The Green Collar Economy
- Author: Van Jones
- Subject: Sustainable development, sustainable business, environmental movement in the United States, environmental justice, Green New Deal
- Publication date: 2008
- Publication place: United States
- ISBN: 978-0-06-165075-8
- OCLC: 289095894
- Dewey Decimal: 363.7
- LC Class: GE180.J66 2008

= The Green Collar Economy =

2008 book by Van Jones

The Green Collar Economy: How One Solution Can Fix Our Two Biggest Problems is a 2008 book by Van Jones. It outlines a plan for simultaneously solving socioeconomic inequality and environmental problems. The book has received favorable reviews from Al Gore, Nancy Pelosi, Laurie David, Paul Hawken, Winona LaDuke and Ben Jealous. The Green Collar Economy is the first environmental book written by an African-American to make the New York Times bestseller list.

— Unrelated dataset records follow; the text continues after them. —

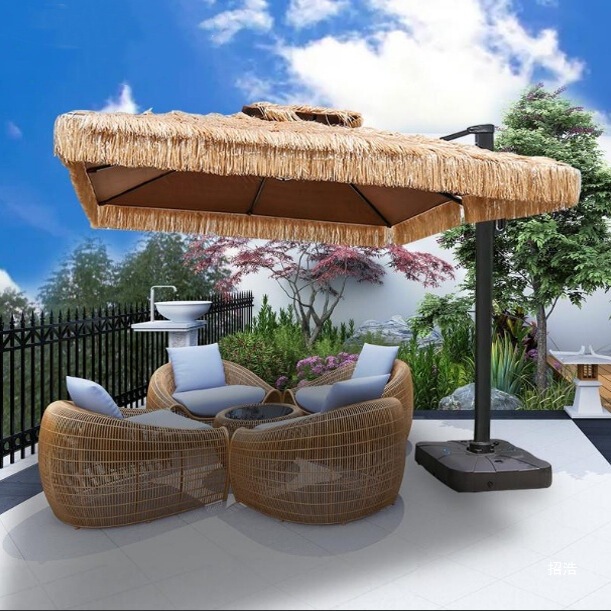 Sunshade Umbrella, Beach Half-Side Garden Straw Terrace Courtyard Villa Outdoor Roman Umbrella Outdoor Thatch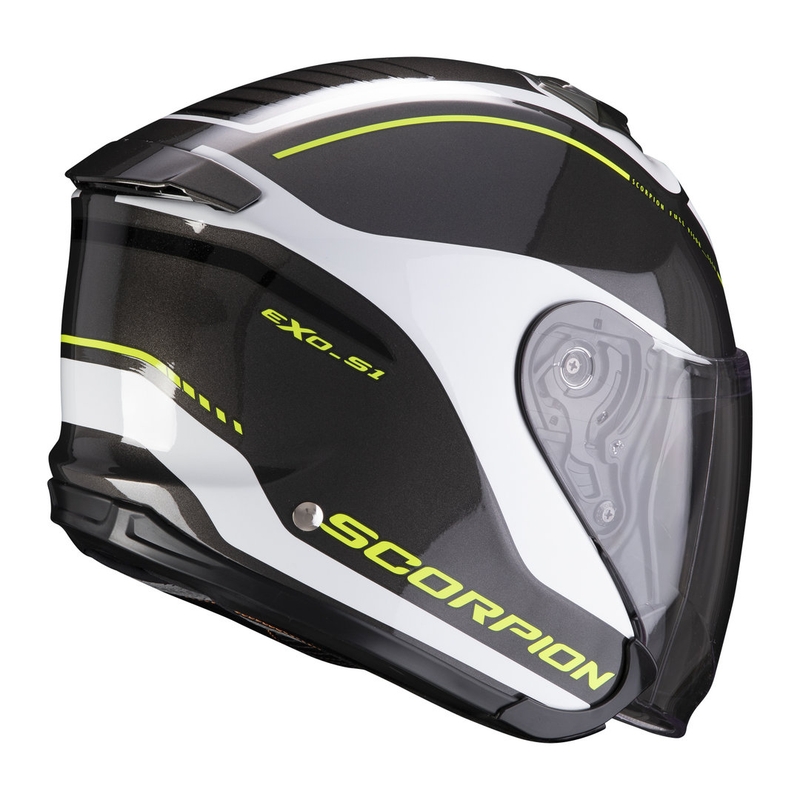 Open helm Scorpion EXO-S1 Shadow zwart-wit-fluogeel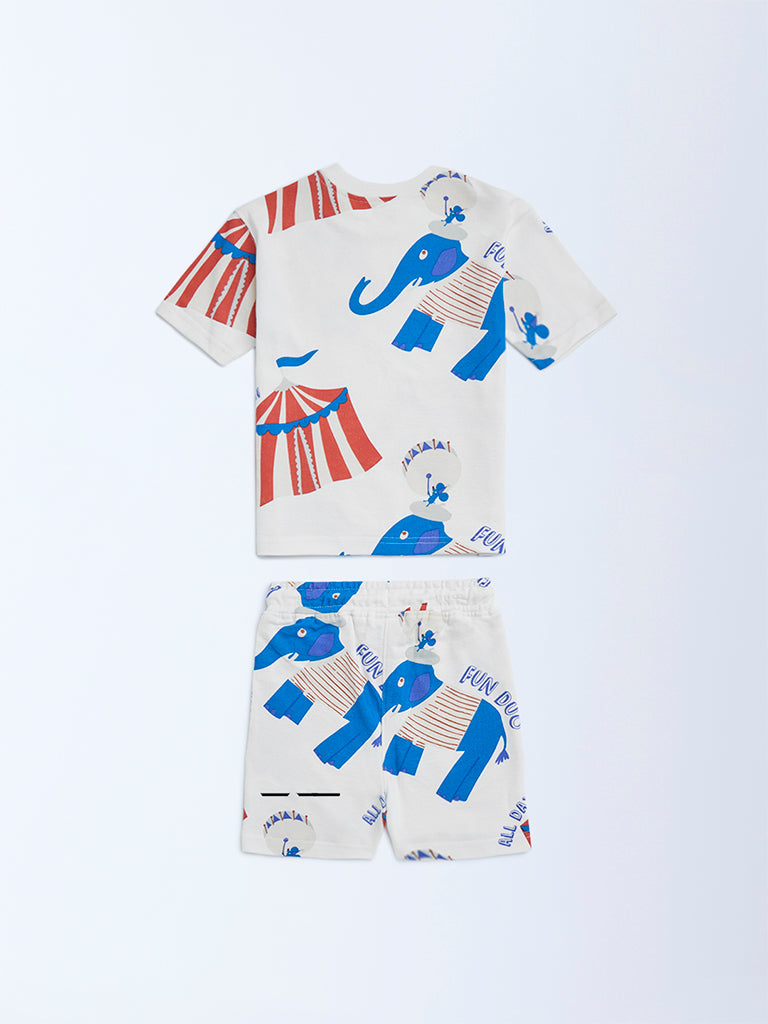 HOP Kids White Circus-Themed Cotton T-Shirt and Shorts Set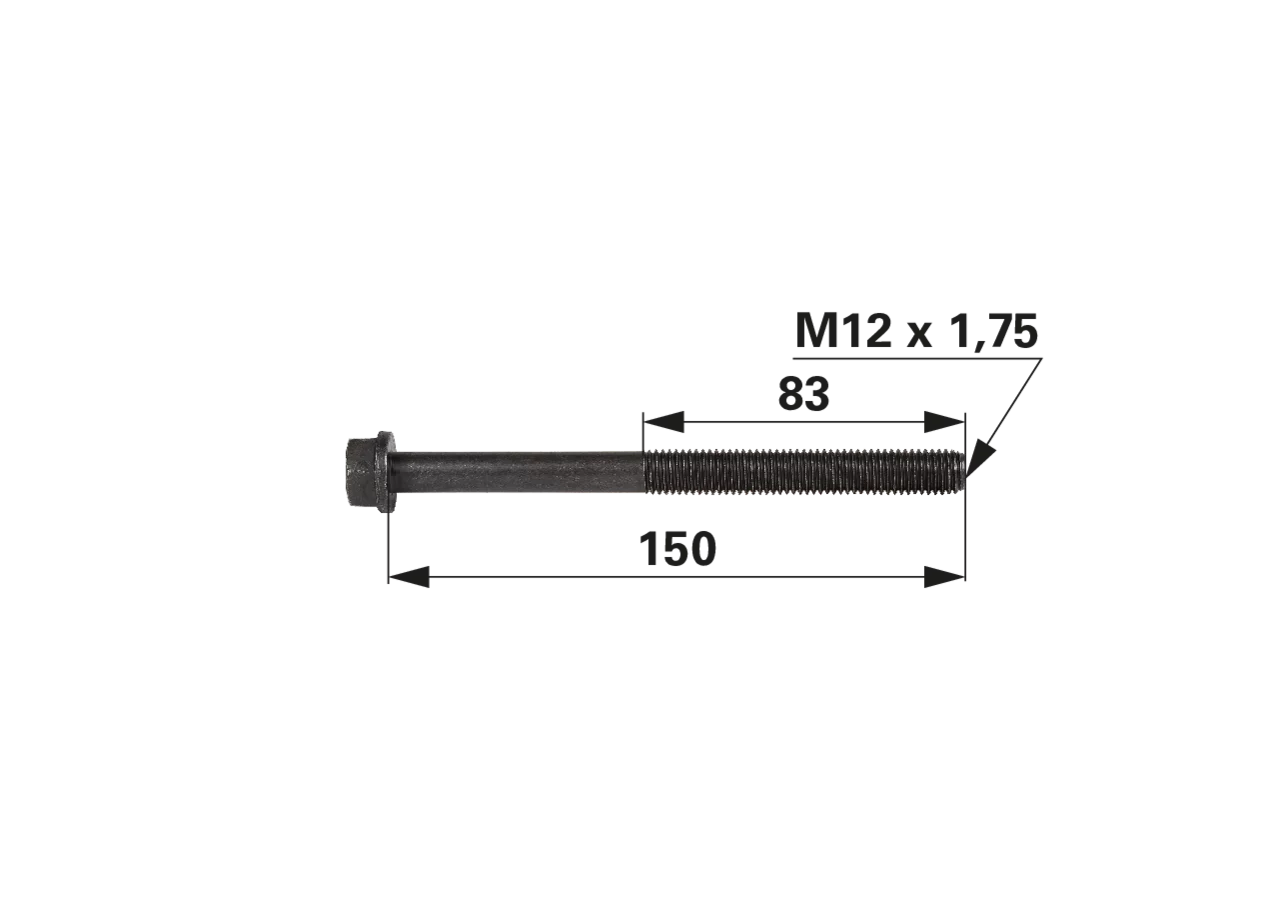 Zylinderkopfschraube M12 x 1,75 – 150 mm, Güte 10.9, anstelle von CNH 4891025 GartenShop24 - Hochwertige Gartengeräte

The book is a detailed proposal for a "green new deal". Jones describes the opportunity to create thousands of low- and medium-skill jobs that help conserve energy (for example, insulating older homes and buildings) or use alternate energy sources (solar panels). He emphasizes that these would be local jobs that could not be exported. With appropriate incentives and programs, the jobs could be created in inner cities and thereby help lift people out of poverty. According to Jones, Americans can ensure the "approaching green wave lifts all boats," and calls for a mass movement to tackle the United States' ecological and economic crises.